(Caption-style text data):
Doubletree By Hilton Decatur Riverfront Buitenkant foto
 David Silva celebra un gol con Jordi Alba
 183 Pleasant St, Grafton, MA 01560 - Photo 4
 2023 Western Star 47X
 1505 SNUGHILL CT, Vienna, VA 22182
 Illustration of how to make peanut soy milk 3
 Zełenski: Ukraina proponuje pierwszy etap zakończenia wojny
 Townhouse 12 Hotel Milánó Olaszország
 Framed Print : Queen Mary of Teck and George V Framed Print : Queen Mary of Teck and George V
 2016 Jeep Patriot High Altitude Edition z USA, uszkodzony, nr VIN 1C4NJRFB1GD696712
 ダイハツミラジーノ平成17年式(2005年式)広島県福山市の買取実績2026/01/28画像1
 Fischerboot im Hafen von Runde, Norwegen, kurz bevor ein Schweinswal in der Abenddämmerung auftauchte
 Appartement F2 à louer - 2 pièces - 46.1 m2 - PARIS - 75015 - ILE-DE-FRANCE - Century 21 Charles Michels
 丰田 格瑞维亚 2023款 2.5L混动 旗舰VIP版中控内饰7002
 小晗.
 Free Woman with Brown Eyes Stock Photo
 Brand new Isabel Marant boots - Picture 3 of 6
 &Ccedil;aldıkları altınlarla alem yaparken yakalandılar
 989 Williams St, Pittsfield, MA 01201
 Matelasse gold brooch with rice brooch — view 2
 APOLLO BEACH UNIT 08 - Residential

(Assignment): All the entries are to be set down exactly as they appear.

(Written reply):
Doubletree By Hilton Decatur Riverfront Buitenkant foto
 David Silva celebra un gol con Jordi Alba
 183 Pleasant St, Grafton, MA 01560 - Photo 4
 2023 Western Star 47X
 1505 SNUGHILL CT, Vienna, VA 22182
 Illustration of how to make peanut soy milk 3
 Zełenski: Ukraina proponuje pierwszy etap zakończenia wojny
 Townhouse 12 Hotel Milánó Olaszország
 Framed Print : Queen Mary of Teck and George V Framed Print : Queen Mary of Teck and George V
 2016 Jeep Patriot High Altitude Edition z USA, uszkodzony, nr VIN 1C4NJRFB1GD696712
 ダイハツミラジーノ平成17年式(2005年式)広島県福山市の買取実績2026/01/28画像1
 Fischerboot im Hafen von Runde, Norwegen, kurz bevor ein Schweinswal in der Abenddämmerung auftauchte
 Appartement F2 à louer - 2 pièces - 46.1 m2 - PARIS - 75015 - ILE-DE-FRANCE - Century 21 Charles Michels
 丰田 格瑞维亚 2023款 2.5L混动 旗舰VIP版中控内饰7002
 小晗.
 Free Woman with Brown Eyes Stock Photo
 Brand new Isabel Marant boots - Picture 3 of 6
 &Ccedil;aldıkları altınlarla alem yaparken yakalandılar
 989 Williams St, Pittsfield, MA 01201
 Matelasse gold brooch with rice brooch — view 2
 APOLLO BEACH UNIT 08 - Residential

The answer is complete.